Given Data / Assumptions:

  • Reference: IS 456 provisions for water used in mixing and curing concrete.
  • We only need the minimum acceptable pH value.
  • Alkalinity sufficient to avoid aggressive acidic conditions is desired.


Concept / Approach:

Acidic water (pH < 7) can attack cement paste and increase corrosion likelihood. IS 456 specifies that water for concrete should be free of harmful quantities of oils, acids, alkalis, salts, organic matter, and that its pH should not be less than 6 to ensure it is not aggressively acidic.


Step-by-Step Solution:

Recall IS 456 clause on water quality → pH not less than 6.Interpretation → pH ≥ 6 acceptable (subject to other impurity limits).Therefore select “not less than 6.”

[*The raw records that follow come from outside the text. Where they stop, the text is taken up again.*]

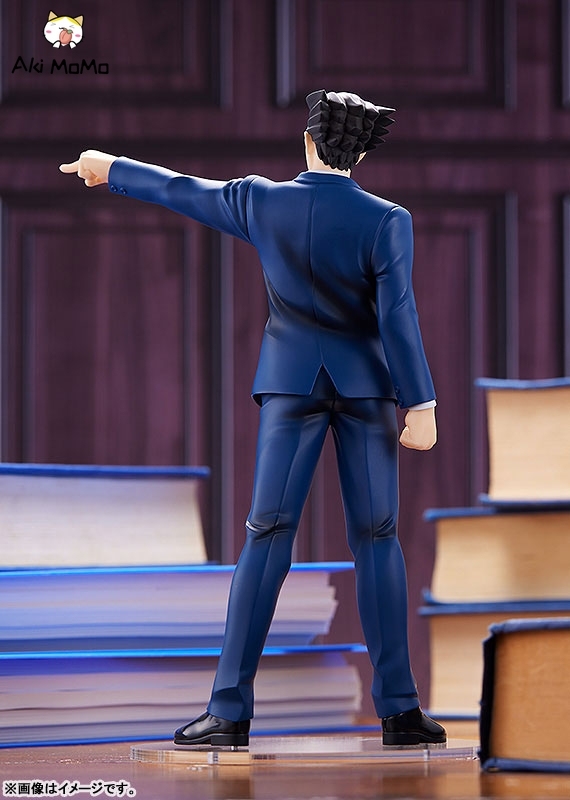 (Pre-order Closed) Good Smile Company GSC POP UP PARADE Ace Attorney Phoenix Wright Figure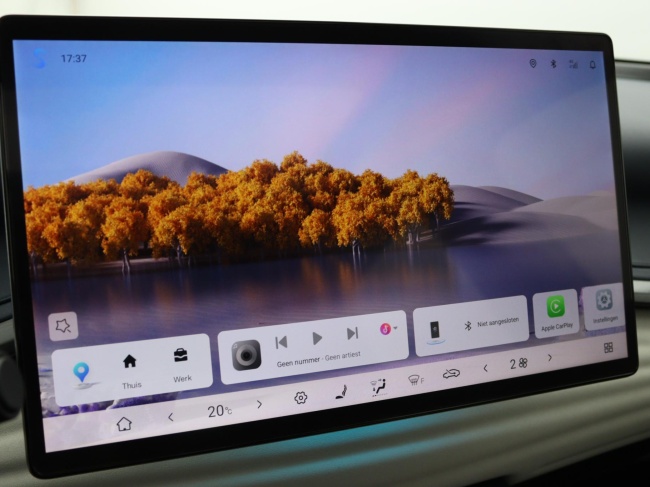 BYD ATTO 3 - Design 60 kWh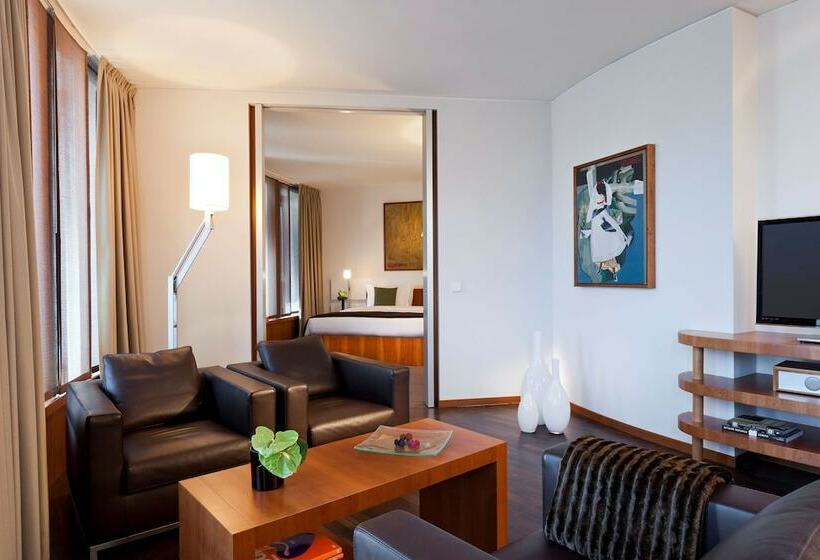 Suite Superior, Dorint Kurfurstendamm Berlin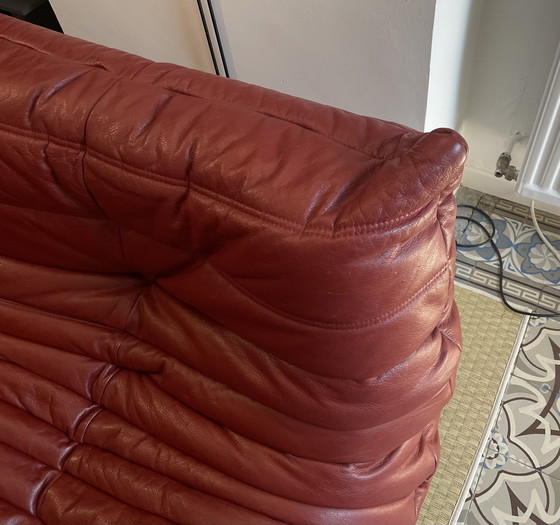 Image 1 of 2 Ligne Roset TOGO sofas of 2 seats each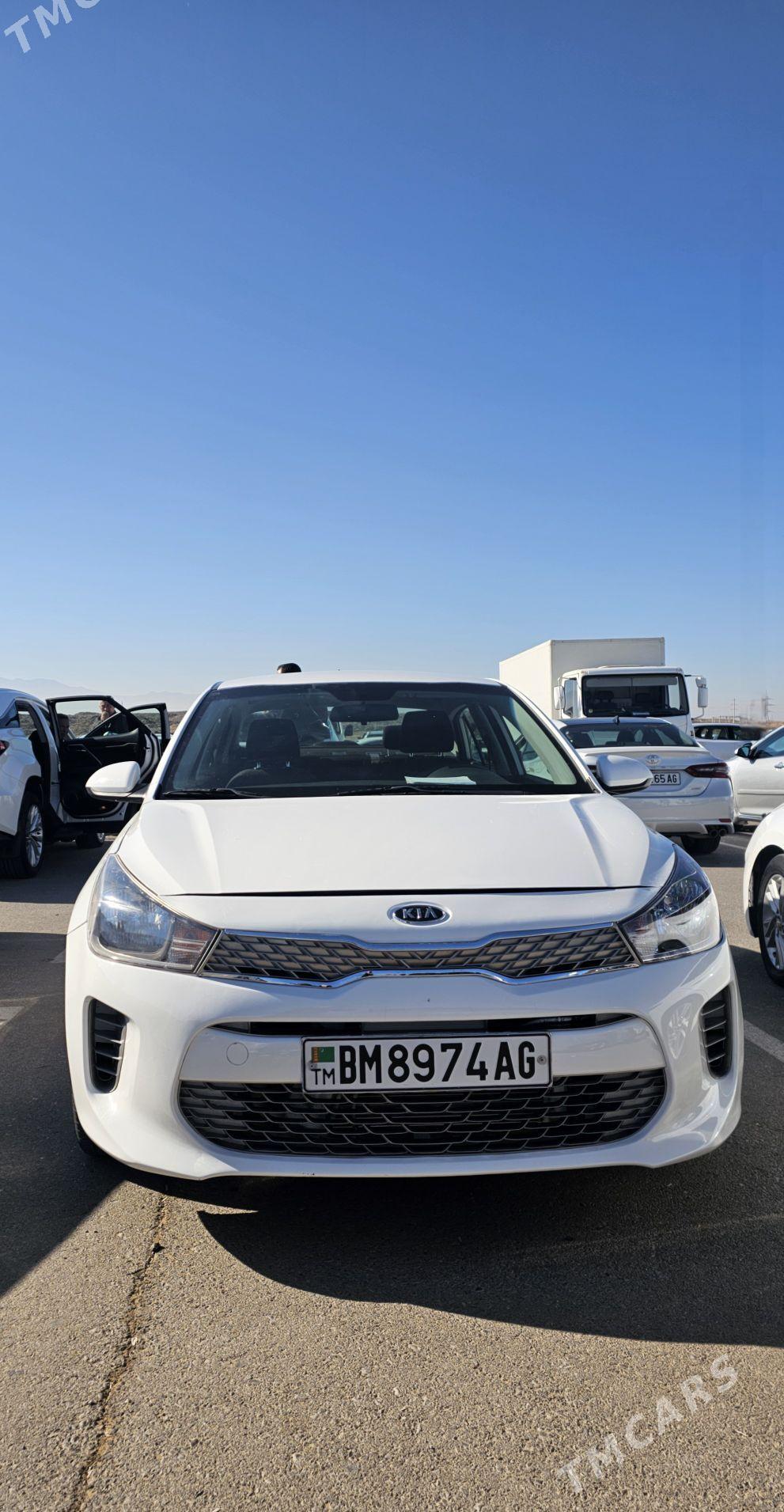 Kia Rio 2020 - 180 000 TMT - Ашхабад - img 7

Verification / Alternative check (if short method exists):

Other concrete codes also set similar constraints; typical potable water comfortably meets the requirement.


Why Other Options Are Wrong:

“Less than” or “equal to 6” allows borderline/acidic water; “equal to 7” is more restrictive than required; “not less than 7.5” is unnecessarily stringent.


Common Pitfalls (misconceptions, mistakes):

Assuming only neutral water is permitted; ignoring other chemical limits besides pH.